In Madison I once worked with two postdoctoral fellows who had spent their youth in New York City and who, when asked what birds they knew both responded "why, pigeons and LBJ's!" (little brown jobbies). Despite their undoubted brilliance, they clearly had an educational deficiency not fixed by buying eggs and poultry at a grocery store. Though of enormous economic and nutritional importance to humans, turkeys and chickens constitute only a minute fraction of the disappearing avian life in our ecology. One could easily teach an entire middle or high school biology course around the reproduction, embryology, evolution, genetics, anatomy, special adaptations, virology, bacteriology, taxonomy, behavior, and extinctions of birds, as paradigmatic of all of life.

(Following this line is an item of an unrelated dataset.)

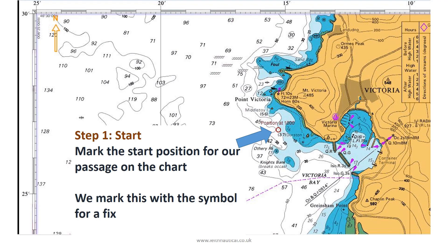We begin by marking the start position for our passage on the chart. We mark this with a symbol for a fix — a dot and a circle.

Where would developmental or evolutionary biology be without the Galapagos finches, chick embryo, or neurobiology without the Zebra Finch? The modifications of the original red jungle fowl of India and South East Asia into hundreds of races through artificial selection and breeding practices provide as beautiful an example of developmental plasticity, well-known to Darwin, as the domestic dog, cat, laboratory mice, and guinea pigs. In what follows I have begun to repay my indebtedness to my mentor Emil Witschi who introduced me to developmental biology, physiology, and genetics and its historical study on the basis of birds (and amphibians); and to Mark Leppert, Professor of Human Genetics at the University of Utah for collaborative support, and bird-watching fieldtrips.[1]References
- A chicken consultation with ramifications. Opitz, J.M. Am. J. Med. Genet. A (2005) [Pubmed]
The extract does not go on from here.